When ever am running Training, Evaluation and Full pipeling which minor version should I select , and why can any one help me with it.
Hello @Sidharth_S_Kadri,
- Training & Full Pipelines: Select Minor Version 0.
- Why: This ensures you train on the base “clean” model. Selecting a higher version (like 1 or 2) can cause “Catastrophic Forgetting,” where the model loses its previous knowledge and its accuracy degrades.
- Evaluation Pipelines: Select the latest trained version (e.g., 1, 2, or 3).
- Why: You want to measure the performance of the model you just trained, not the empty base version.
Thanks,
Karthik
I understand the process, but I’m a bit confused about the dataset during retraining.
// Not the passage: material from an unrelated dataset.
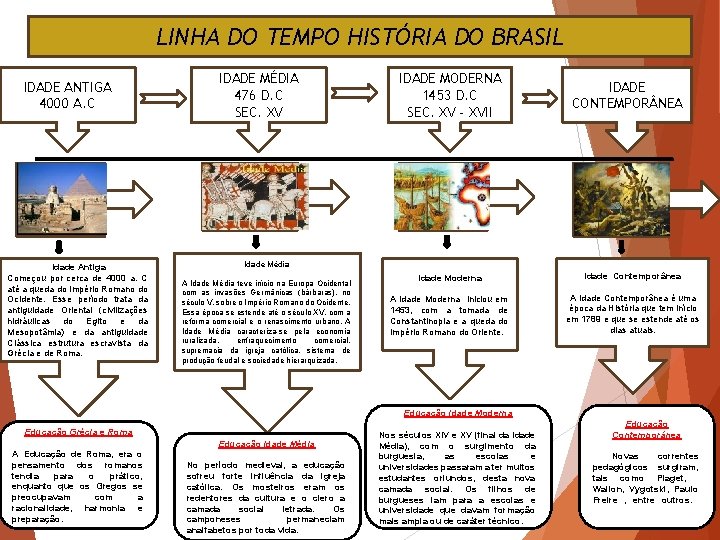 LINHA DO TEMPO HISTÓRIA DO BRASIL IDADE ANTIGA 4000 A. C Idade Antiga Começou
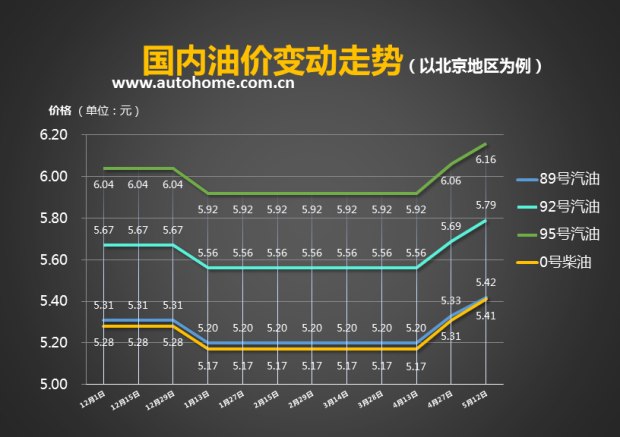 620x0_0_autohomecar__wKgH0VczDfeATn0pAAHdSe8CID0863.png 620x0_0_autohomecar__wKgH0VczDfeATn0pAAHdSe8CID0863.png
When we retrain the model, should we include the old dataset along with the new data, or should we train using only the new dataset?
Hello @Sidharth_S_Kadri,
Why you must use a cumulative dataset
- Prevents Catastrophic Forgetting: If you train using only new data, the model will start to “forget” how to process the document types and fields it learned previously. This causes overall accuracy to drop significantly.
- Comprehensive Training: For a model to recognize both old and new labels accurately, it needs to see all of them in a single, well-rounded dataset during the training session.
- Model Stability: A larger, more representative dataset—combining your original high-quality labels with new data from the Validation Station—creates a more stable and high-performing model.
Thanks,
Karthik